En la otra isla, Una isla para Miguel e Isla del Tesoro fueron los tres documentales realizados por Sara en Isla de Pinos. Este territorio, como explica Gerardo Fulleda León, se consideraba propicio para la agricultura y la ganadería, pero necesitaba mano de obra consciente que permitiera el desarrollo de estas actividades económicas (244). Particularmente en las esferas de cultivo de cítricos, de la ganadería y de la construcción, dicha mano de obra fue proporcionada por jóvenes que, según el Gobierno revolucionario, no se ajustaban ideológicamente al paradigma de “hombre nuevo” que debía llevar adelante el nuevo proyecto de nación. Allí, esos jóvenes y adolescentes eran organizados en campamentos y sometidos a un proceso de reeducación mediante un programa que combinaba el horario de trabajo en el campo, las vaquerías o la construcción, con el aprendizaje escolar y con el recreo, bajo la mirada guía de militantes que les instruían en diversas profesiones técnicas y los reformaban ideológicamente. Se aspiraba a que, gracias a las experiencias adquiridas durante este proceso de reeducación, al cabo de dos años los jóvenes pudieran reintegrarse a la sociedad como verdaderos “revolucionarios.”

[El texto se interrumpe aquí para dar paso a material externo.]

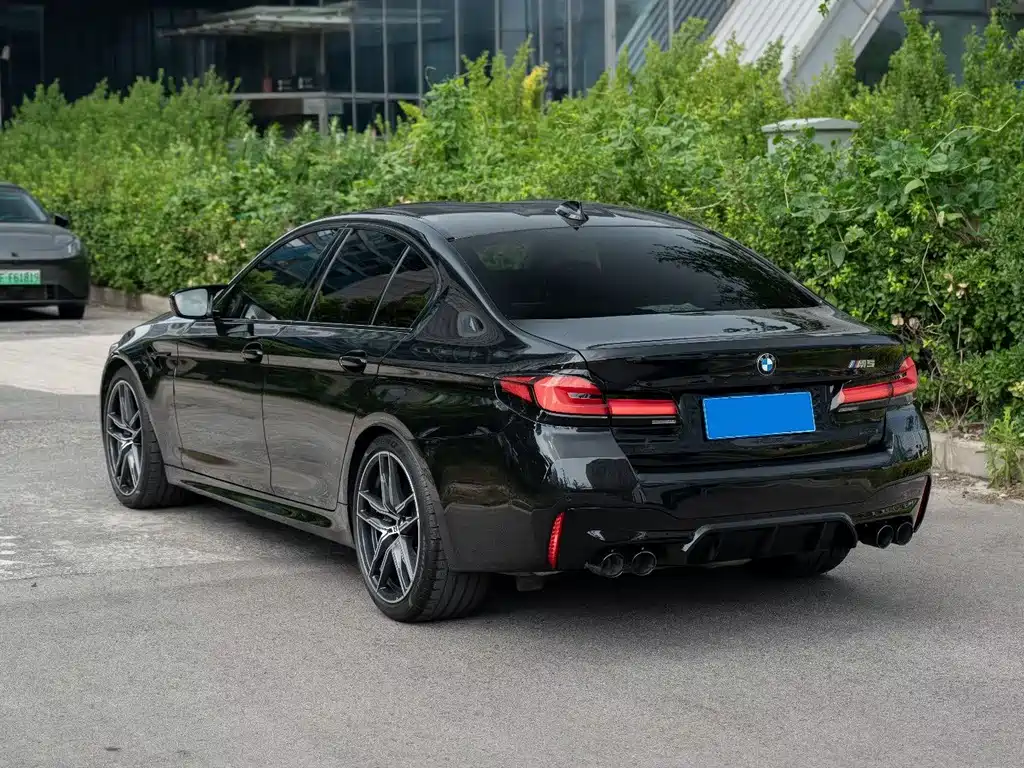 BMW M5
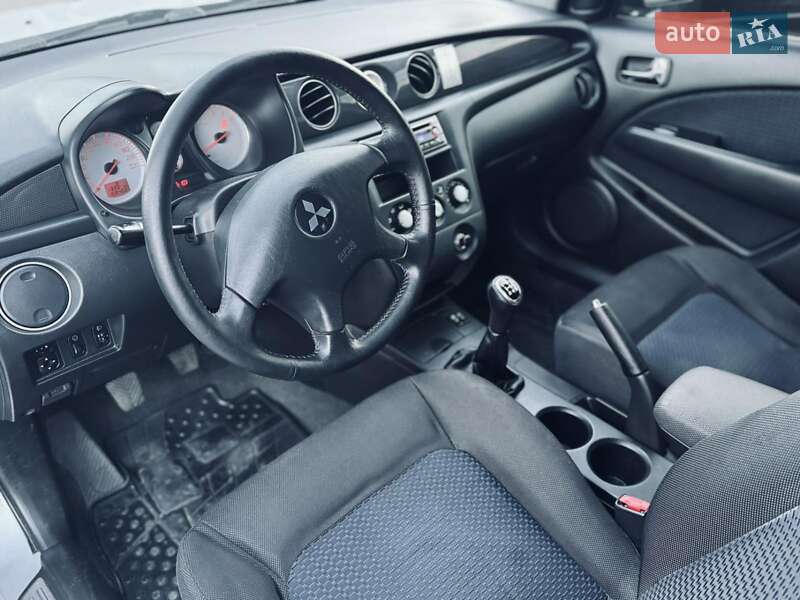Внедорожник / Кроссовер Mitsubishi Outlander 2007 в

Yissel Arce, en Relatos de exclusión. Indagaciones poscoloniales sobre raza y marginalidad en el cine de Sara Gómez, enfatiza que: “En ese momento, la isla resultaba un escenario ideal, fuera de la geografía insular central, pero a 142 kilómetros de distancia de la Ciudad de La Habana: una isla dentro de otra isla,” que, mediante el proyecto de reeducación de tantos jóvenes, evocaba el destino que históricamente se había reservado al territorio, conocido como Isla de los Deportados en la época colonial y luego, a partir de los años treinta del siglo XX, enclave del Presidio Modelo (67-68). Sin embargo, aunque Sara no conecta este nuevo proyecto de reeducación con la historia simbólica del territorio de la Isla de Pinos, sí ubica este espacio como “otro,” donde se desarrolla una realidad que corre en paralelo a la isla “central.” Si bien la “otra” isla pertenece al espacio geográfico oficial de la nación, es un lugar al que se confinan aquellos sujetos que, por diversas razones, representan lo que debe quedar “fuera” del proyecto revolucionario y por lo tanto deben ser “recuperados” de su condición de individuos desviados de la fórmula de lo revolucionario. La reeducación supone en primera instancia una limpieza, un proceso de re-culturización o sobre-escritura en clave del “hombre nuevo.”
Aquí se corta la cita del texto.